**WORK REQUIRED**
Print every line below exactly as written, but leave the pictures behind.
*** GIVEN RECORDS Section Begins ***
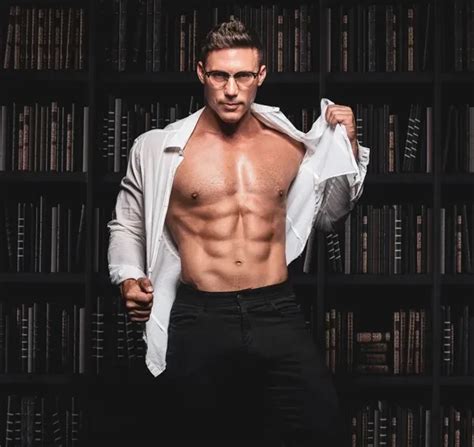 Tyler Sarry: The Bodybuilder YouTuber Baring It All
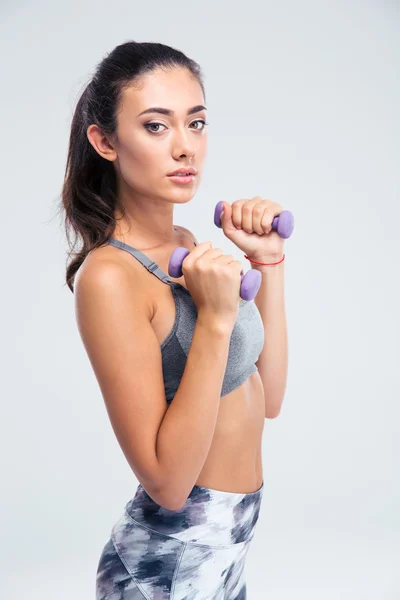 Fitness donna allenamento con manubri — Foto Stock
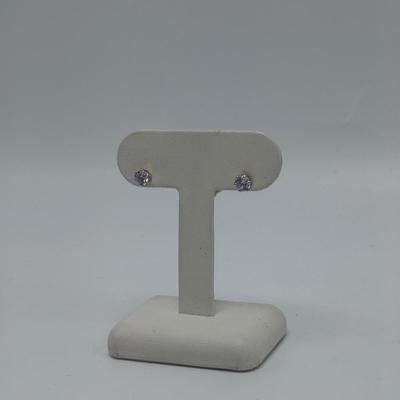 14K Stud Earrings (ST-DZ)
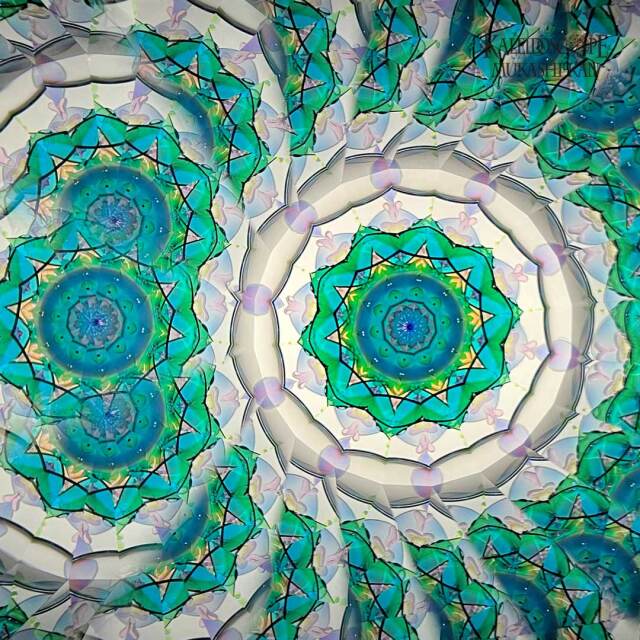 虹彩華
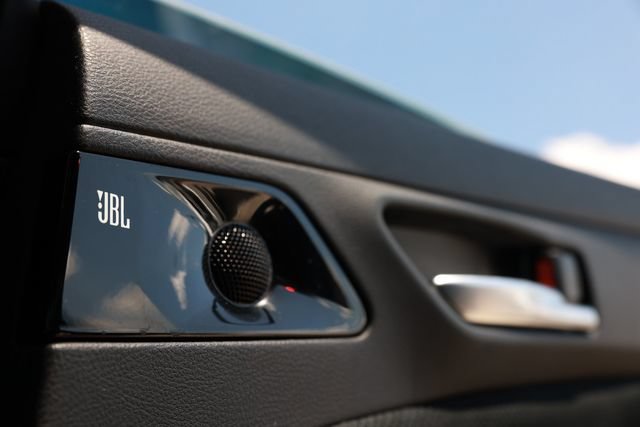 Used 2019 Toyota Avalon Touring FWD image 49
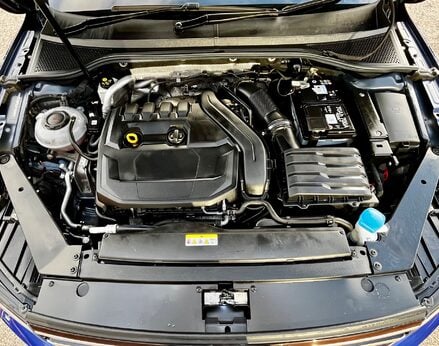 Volkswagen Passat R-LINE TSI EVO 8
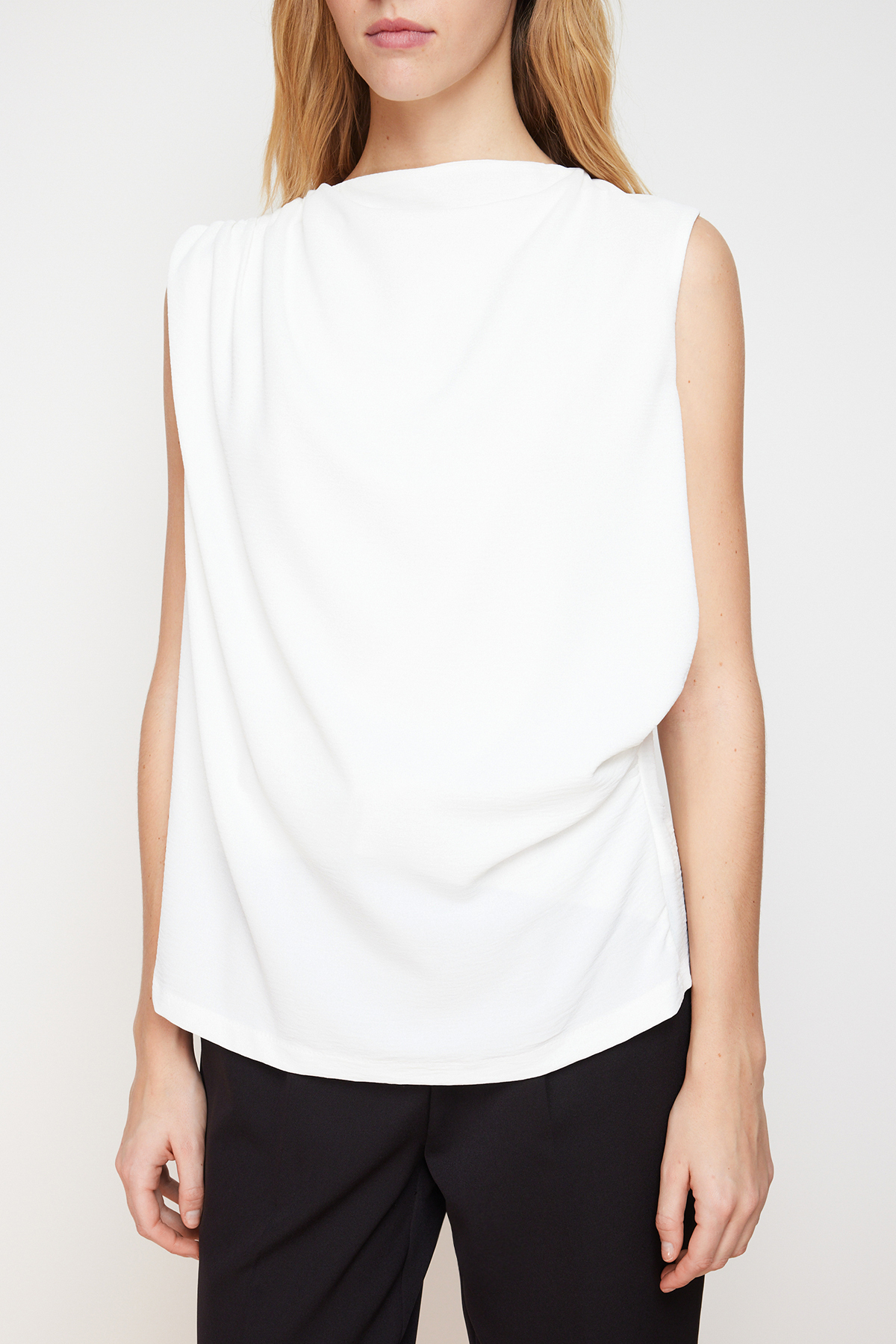 Trendyolmilla  Ekru Büzgü Detaylı Bisiklet Yaka Kolsuz Dokuma Bluz TWOSS24BZ00343 - Görsel 5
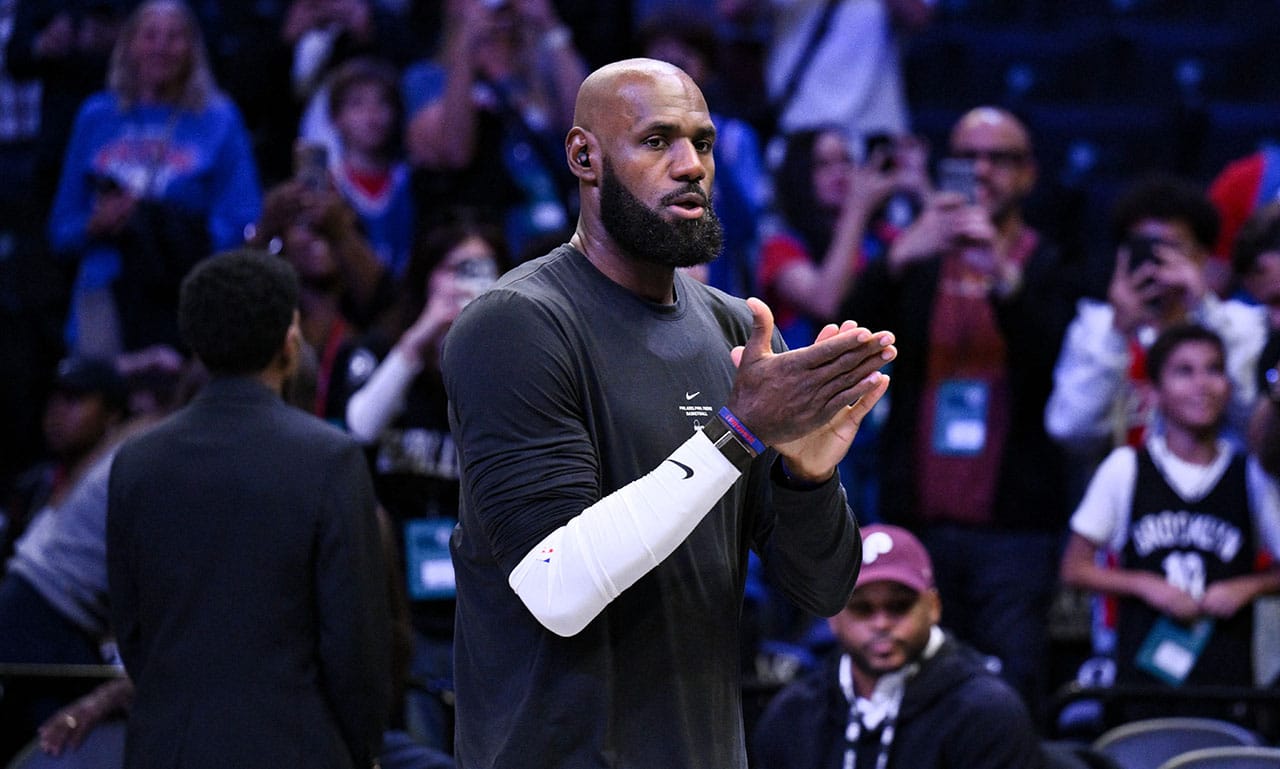 LeBron James ya debutó con el uniforme de los 76ers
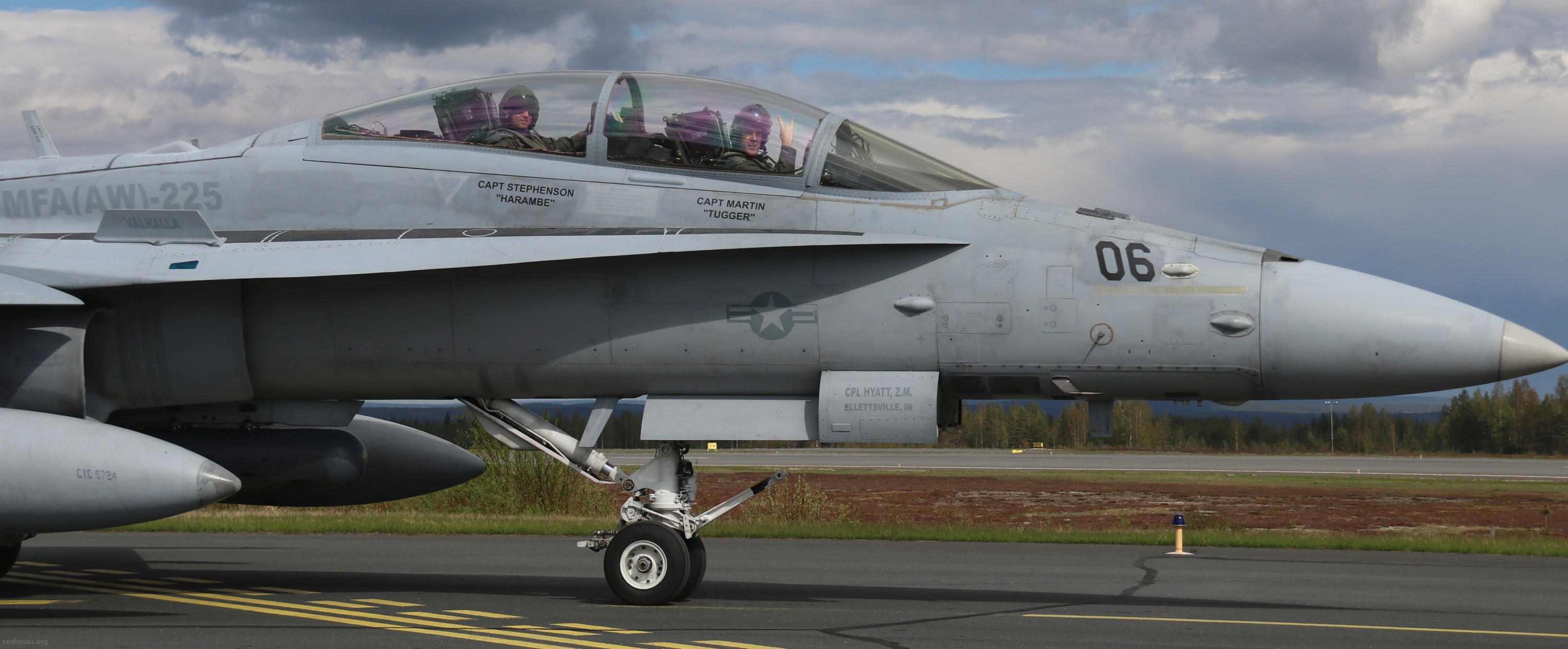 vmfa(aw)-225 vikings marine fighter attack squadron f/a-18d hornet 60 exercise arctic challenge finland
*** GIVEN RECORDS Section Ends ***
**WRITTEN RESPONSE**
 Tyler Sarry: The Bodybuilder YouTuber Baring It All
 Fitness donna allenamento con manubri — Foto Stock
 14K Stud Earrings (ST-DZ)
 虹彩華
 Used 2019 Toyota Avalon Touring FWD image 49
 Volkswagen Passat R-LINE TSI EVO 8
 Trendyolmilla  Ekru Büzgü Detaylı Bisiklet Yaka Kolsuz Dokuma Bluz TWOSS24BZ00343 - Görsel 5
 LeBron James ya debutó con el uniforme de los 76ers
 vmfa(aw)-225 vikings marine fighter attack squadron f/a-18d hornet 60 exercise arctic challenge finland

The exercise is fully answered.